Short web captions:

════════

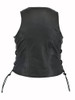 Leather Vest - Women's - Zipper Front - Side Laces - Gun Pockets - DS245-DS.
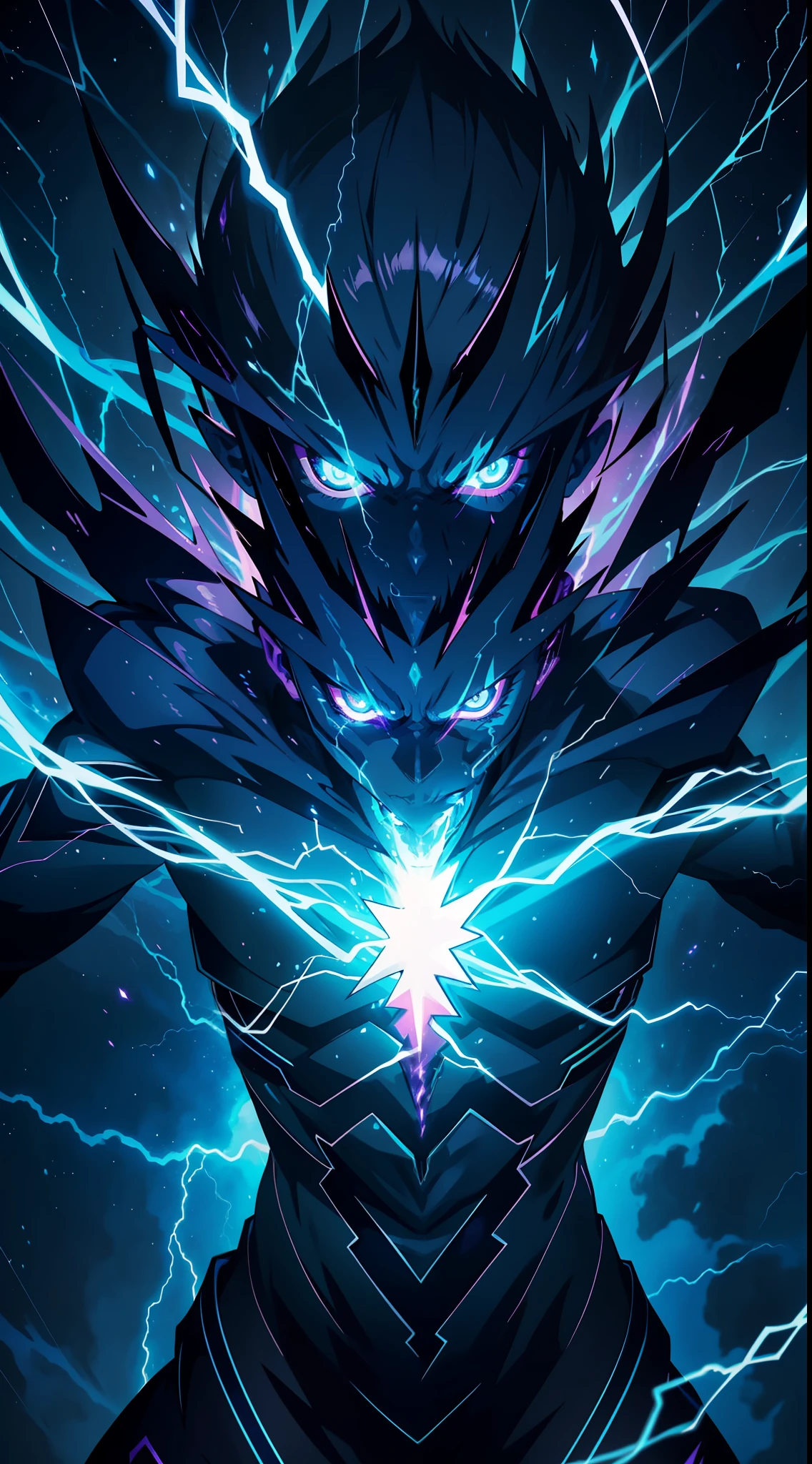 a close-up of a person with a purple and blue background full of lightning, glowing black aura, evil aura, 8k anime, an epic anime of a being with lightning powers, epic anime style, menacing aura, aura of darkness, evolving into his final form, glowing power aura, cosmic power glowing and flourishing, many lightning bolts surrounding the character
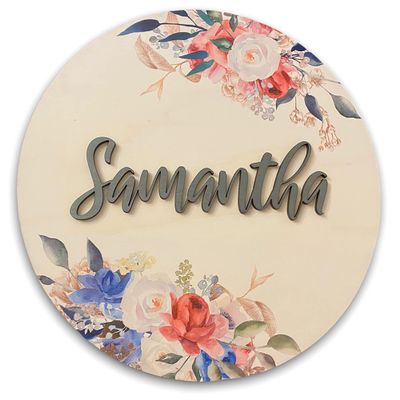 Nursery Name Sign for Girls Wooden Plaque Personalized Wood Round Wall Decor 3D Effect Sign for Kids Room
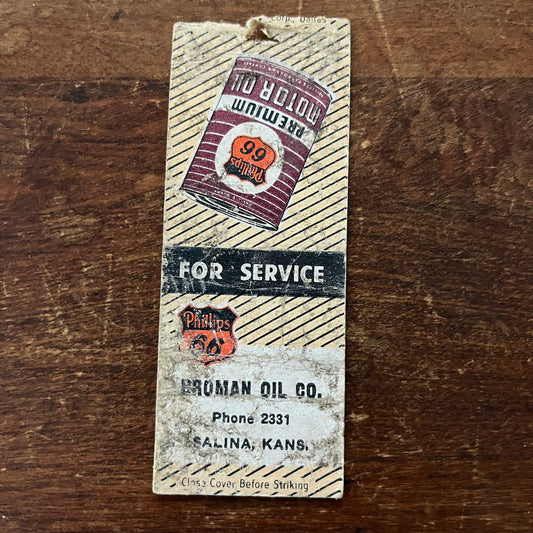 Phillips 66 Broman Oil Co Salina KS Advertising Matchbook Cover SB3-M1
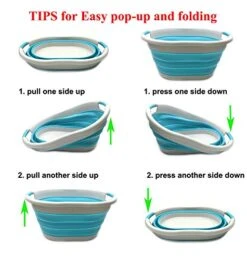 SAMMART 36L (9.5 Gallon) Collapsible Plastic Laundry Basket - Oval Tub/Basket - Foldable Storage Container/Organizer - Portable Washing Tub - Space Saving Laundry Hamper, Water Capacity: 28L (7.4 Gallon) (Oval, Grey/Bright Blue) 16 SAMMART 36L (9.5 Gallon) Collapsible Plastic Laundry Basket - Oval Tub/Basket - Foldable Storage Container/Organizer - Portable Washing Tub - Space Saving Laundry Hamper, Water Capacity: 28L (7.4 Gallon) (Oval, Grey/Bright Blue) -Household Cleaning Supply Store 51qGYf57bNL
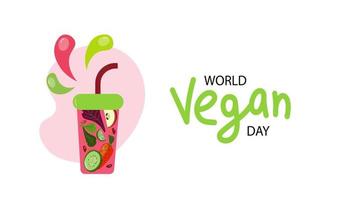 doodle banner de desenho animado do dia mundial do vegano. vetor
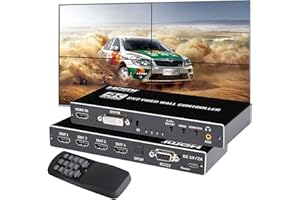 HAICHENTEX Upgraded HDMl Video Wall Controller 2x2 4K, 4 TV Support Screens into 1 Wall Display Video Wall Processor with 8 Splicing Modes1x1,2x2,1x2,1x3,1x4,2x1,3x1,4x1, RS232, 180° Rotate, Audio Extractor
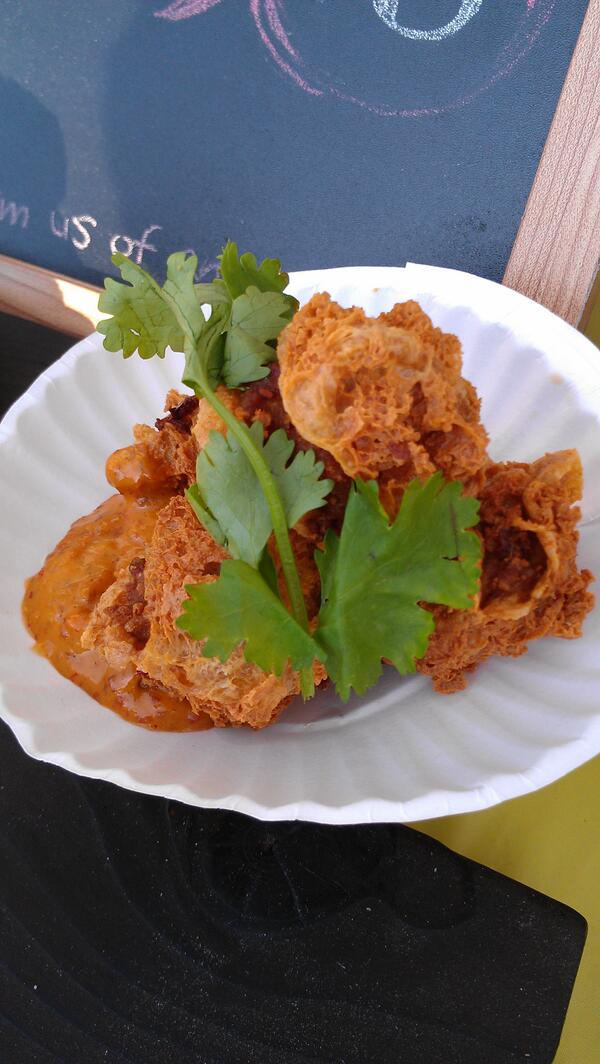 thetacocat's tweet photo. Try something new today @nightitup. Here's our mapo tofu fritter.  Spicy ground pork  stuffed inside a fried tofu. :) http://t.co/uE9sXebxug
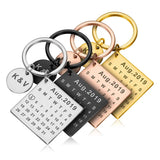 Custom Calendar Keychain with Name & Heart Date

════════

WORK INSTRUCTIONS>
The response must restate exactly the lines from the one containing "doodle banner de" through the end of the records above and must leave out all pictures.

RESPONSE AREA>
 doodle banner de desenho animado do dia mundial do vegano. vetor
 HAICHENTEX Upgraded HDMl Video Wall Controller 2x2 4K, 4 TV Support Screens into 1 Wall Display Video Wall Processor with 8 Splicing Modes1x1,2x2,1x2,1x3,1x4,2x1,3x1,4x1, RS232, 180° Rotate, Audio Extractor
 thetacocat's tweet photo. Try something new today @nightitup. Here's our mapo tofu fritter.  Spicy ground pork  stuffed inside a fried tofu. :) http://t.co/uE9sXebxug
 Custom Calendar Keychain with Name & Heart Date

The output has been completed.